The Constitution and the Trump impeachment trial
By David Adler
The forthcoming Senate impeachment trial of former President Donald Trump, sure to dominate headlines and newscasts, raises a host of constitutional questions with political implications likely to extend for years to come.
Last week, we reviewed the question of whether the Constitution permits the Senate to try a former president, and concluded that it does. In short, once the impeachment process has been initiated by the House of Representatives, its continuation and completion may not be derailed by a presidential resignation or the end of a presidential term in office. The impeachment power was established by the framers of the Constitution to hold a president accountable and, if necessary, convict him on charges of impeachable offenses and perhaps impose a ban on further service in an office under the authority of the United States.
President Trump and his defense team will, throughout the trial, continue to press the argument that a former president may not be tried, but he has lost that argument.
The Trump legal team, in its defense brief, also has asserted that the trial itself constitutes the constitutional prohibition against bills of attainder. This argument is without merit.
The Bill of Attainder Clause, found in Article I, section 9, bans a law passed by Congress that declares the guilt of an individual or class of people, and imposes criminal penalties, without benefit of judicial trial
The prohibition on bills of attainder reflects the framers’ hatred of the detestable English practice of passing attainders, with punishment that encompassed loss of life, limb, liberty and property. A bill of attainder violated the presumption of innocence and the right to a jury trial, undercut the principle of due process of law, and subverted the spirit of the constitution of a free society by declaring classes of people disqualified from exercising rights enjoyed by others. As a consequence, the Constitutional Convention adopted the Bill of Attainder Clause with little debate.
An impeachment trial, and the punishment imposed upon the defendant, however, is not a bill of attainder. Trump’s argument, therefore, is without merit.

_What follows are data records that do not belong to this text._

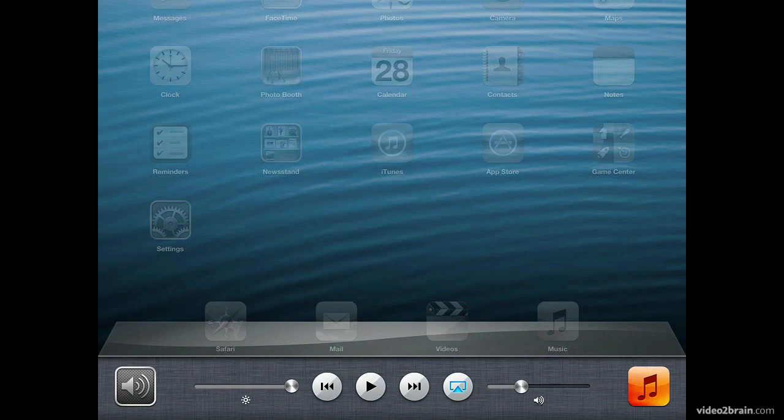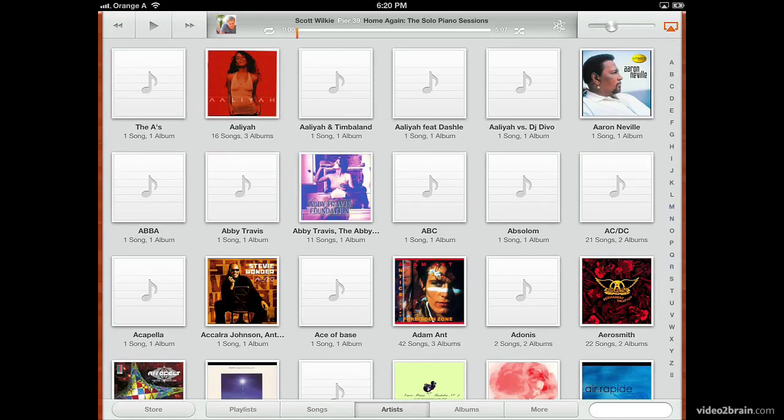The media controls allow you to control your music playing. Starting at the right, you'll see the iTunes icon. That will actually be whatever your most recently used music playing application was.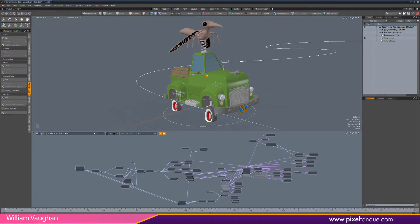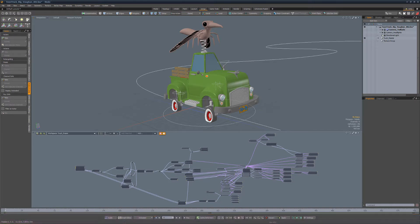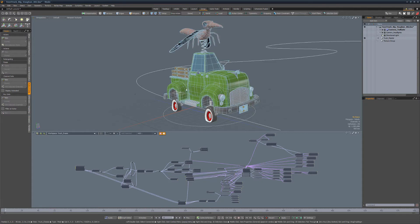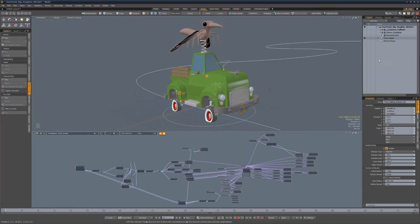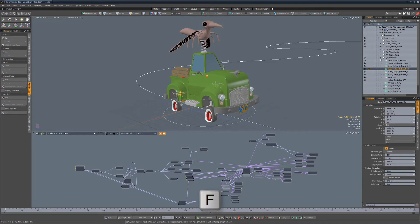William Vaughn here with a brief introduction to the item list find command in Modo. The item list find command enables you to quickly locate a selected item in your item list. Simply select an item in the 3D viewport, place your cursor anywhere over the item list and press the F key. The item list auto expands group locators or parents to reveal your item.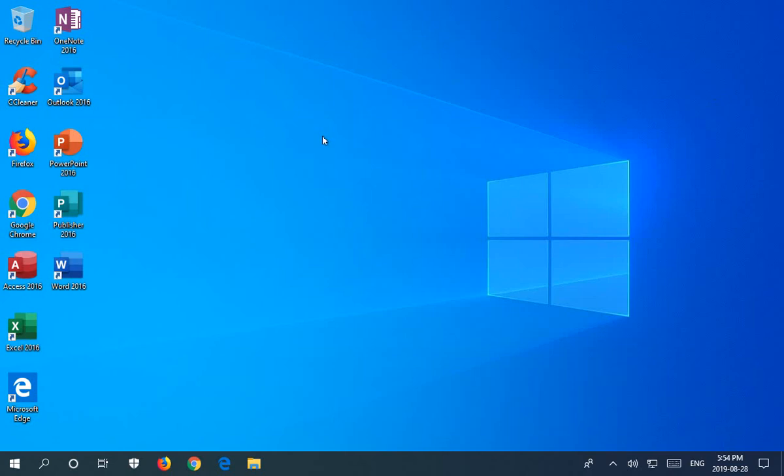Howdy, folks. In this video, I'm going to show you one possible solution to the error 2147219196 when you're trying to use the Windows Photo app to view a JPEG, for example. So let's get started.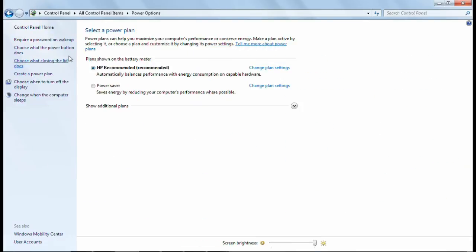From there you have certain power plans. You may have different power plans, but whatever the power plan, it doesn't matter. You just have to go to Change Plan Settings.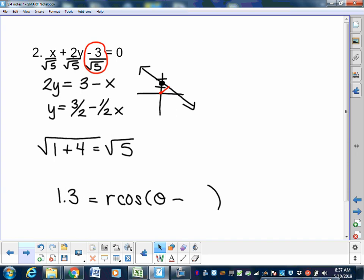63 degrees is just the reference angle — we need to know which quadrant we're in. Looking at the graph, we're in the third quadrant. So the answer is 63 degrees for this problem. That's it for part one — two problems showing you how to convert from linear to polar form.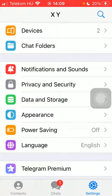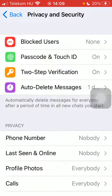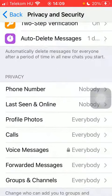Now let's jump into it. First of all, open the application on your phone. Click on the settings button down below in the right side corner of the screen, then click on Privacy and Security. Scroll down to Privacy and tap on Profile Photos, which is the third option.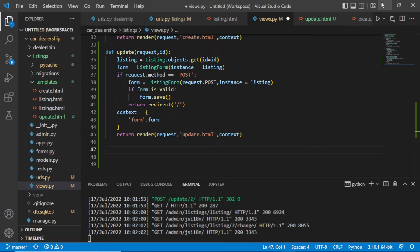Welcome again — it's time to create our delete function. We are going to create a function to delete a particular listing. If you are new to this channel, please consider subscribing, liking, and sharing this content — we want to reach 1000 subscribers. So let us get started and define a function.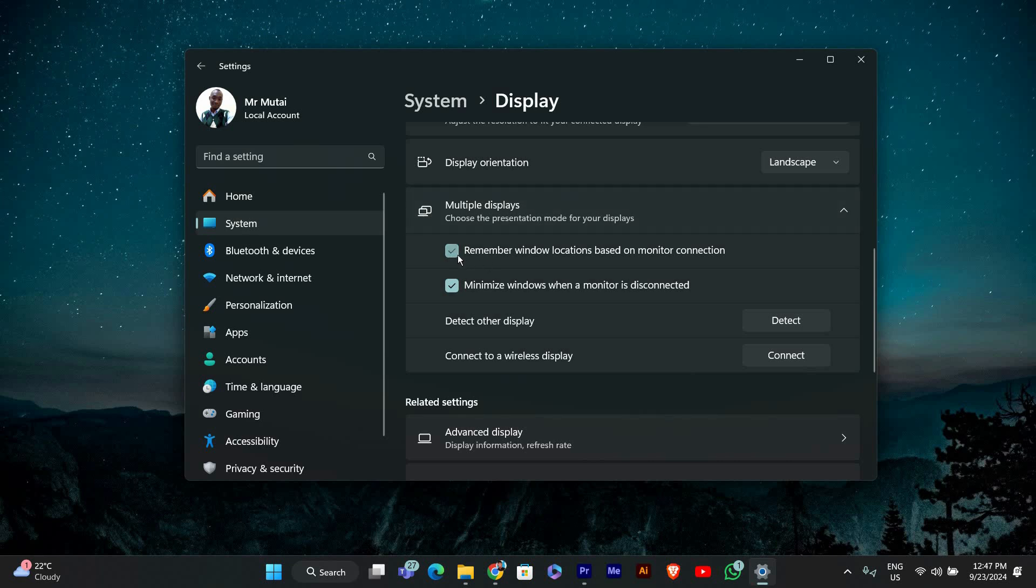Now look for the option that says remember window locations based on monitor connection. Make sure the box is checked. This setting ensures that Windows 11 remembers the size and position of windows when you reconnect or switch between monitors.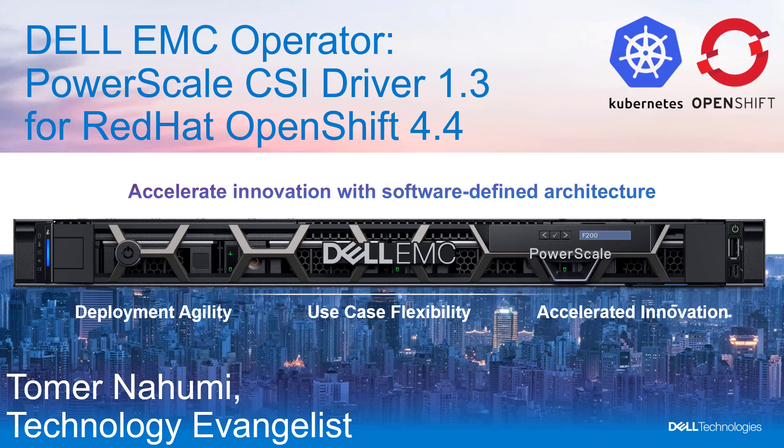Hello, I'm Toman Humi from Dell EMC. In this demonstration video, I'll be showing the new Dell EMC PowerScale CSI 1.3 installation on Red Hat OpenShift using the new operator framework and cover the new features we've just released in this version. The CSI driver for Dell EMC PowerScale implements an interface between CSI-enabled container orchestrator and the Dell EMC PowerScale storage systems.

A bill of attainder, first of all, is a “bill,” that is, a legislative measure passed by the House and the Senate, and signed into law by the president. An impeachment trial, on the other hand, does not require a presidential signature and, indeed, provides no role for the president. At bottom, the impeachment trial emphatically does not involve a Senate vote on, or passage of, a bill.
Any punishment imposed by the Senate as a result of an impeachment trial is, by definition, not a bill of attainder unless we wish to accuse the framers of having lost their minds in writing two contradictory clauses.
Delegates to the convention, after all, enacted the Impeachment Clause and the Bill of Attainder Clause within a narrow time frame and saw no contradiction between the two, because none existed.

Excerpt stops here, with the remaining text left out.